Obtaining a binary operation on $X \rightarrow Y$ from a binary operation on $Y$. What, if anything, to make of this observation? Let $X$ and $Y$ denote sets. Then if $+$ is a binary operation on $Y$, then we can obtain a new binary operation $+'$ on $Y^X$ in a canonical way as follows.
$$(f+' g)(x) = f(x)+g(x)$$
Question. The other day, I noticed a suggestive-looking variant of the above definition. However, I'm not sure what to make of this observation. Does it have any particular significance?
The variant.
Let us firstly assign to each $x \in X$ an "evaluation" function $\tilde{x} : Y^X \rightarrow Y$ with defining property $\tilde{x}(f) = f(x).$ This allows $+'$ to be defined as follows, where it is understood that $f$ and $g$ range over all functions $X \rightarrow Y$ and $x$ ranges over every element of $X$.
$$\tilde{x}(f+' g) = \tilde{x}(f)+\tilde{x}(g)$$
In other words, we're defining that $+'$ is the unique binary operation such that for all $x \in X,$ we have that $\tilde{x}$ is a magma homomorphism with source $(Y^X, +')$ and target $(Y,+)$.
Does this final characterization of $+'$ have any particular significance and/or does it "go anywhere"?
 A: In fact, this is part of a larger story, initiated by Freyd in his paper "Algebra valued functors in general and tensor products in particular".
If $\mathcal{A}$ is a category of algebraic structures with forgetful functor $U : \mathcal{A} \to \mathsf{Set}$, then one can define $\mathcal{A}$-objects in an arbitrary category $\mathcal{C}$ as follows: These are objects $X \in \mathcal{C}$ equipped with a factorization of $\hom(-,X) : \mathcal{C}^{op} \to \mathsf{Set}$ over $U$. In other words, $\hom(Y,X)$ acquires the structure of an object of $\mathcal{A}$, naturally in $Y$. If $\mathcal{C}$ has products, these objects can also be described internally to $\mathcal{C}$ - this is an application of the Yoneda Lemma.
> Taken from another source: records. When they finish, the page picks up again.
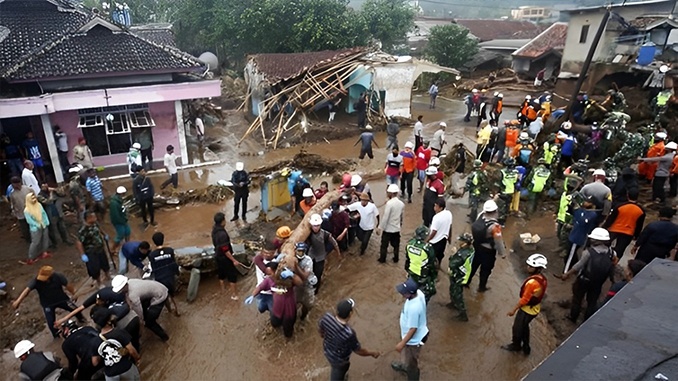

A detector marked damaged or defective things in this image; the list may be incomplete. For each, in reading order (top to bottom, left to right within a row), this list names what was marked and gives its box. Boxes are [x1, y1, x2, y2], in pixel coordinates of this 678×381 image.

damaged roof [1, 0, 206, 81]
damaged roof [454, 18, 544, 41]
damaged roof [516, 21, 568, 58]
damaged roof [248, 47, 366, 83] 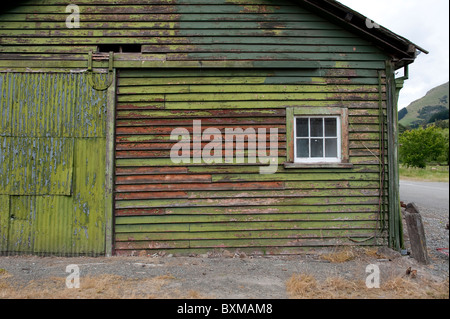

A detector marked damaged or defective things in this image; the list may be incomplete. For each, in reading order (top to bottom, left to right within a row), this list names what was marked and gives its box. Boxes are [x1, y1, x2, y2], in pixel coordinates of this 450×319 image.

rusty metal bracket [86, 51, 114, 91] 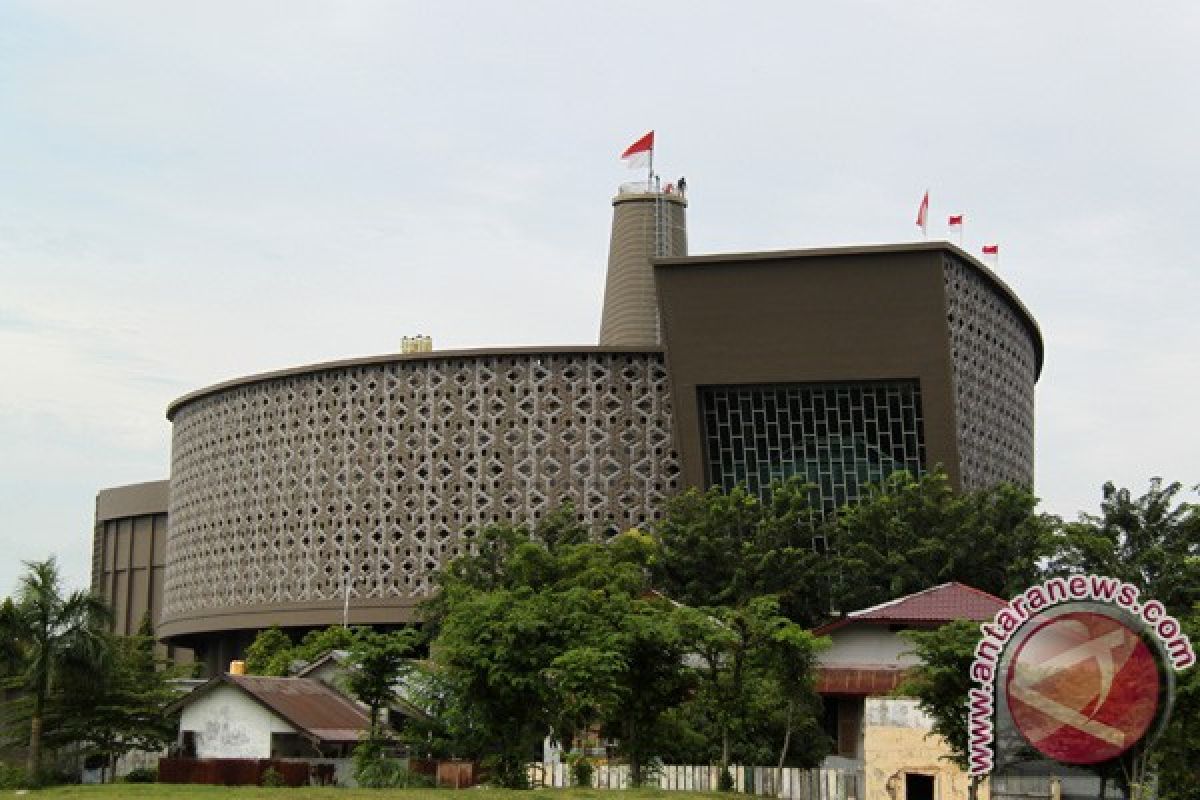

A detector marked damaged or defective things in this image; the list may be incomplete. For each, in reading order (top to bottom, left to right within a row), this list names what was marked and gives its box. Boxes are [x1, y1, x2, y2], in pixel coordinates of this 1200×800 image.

rusty metal roof [175, 676, 367, 743] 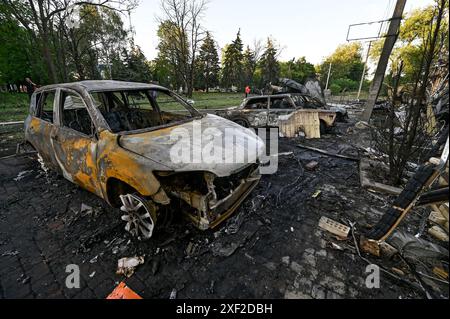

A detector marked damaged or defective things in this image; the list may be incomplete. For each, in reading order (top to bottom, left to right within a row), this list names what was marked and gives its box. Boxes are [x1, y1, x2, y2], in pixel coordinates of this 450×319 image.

burnt car interior [91, 90, 195, 134]
second burnt vehicle [23, 80, 264, 240]
burnt car [24, 80, 264, 240]
charred yellow suv [25, 81, 264, 239]
burnt car hood [120, 114, 268, 178]
burnt car [216, 95, 336, 135]
second burnt vehicle [215, 93, 338, 134]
For example, a group object is an object $X$ equipped with morphisms $X \times X \to X$ (multiplication), $1 \to X$ (unit), $X \to X$ (inversion) such certain diagrams commute, which correspond to the usual group axioms. This is a very important notion, it includes groups, topological groups, Lie groups, and under a suitably generalization even Hopf algebras.
More simply, a magma object is an object $X$ equipped with a morphism $m : X \times X \to X$. If $Y$ is an arbitrary object, then $\hom(Y,X)$ becomes a magma, as already mentioned above. The operation is just
$$\hom(Y,X) \times \hom(Y,X) \cong \hom(Y,X \times X) \xrightarrow{m_*} \hom(Y,X).$$
This is what you have observed for the category of sets.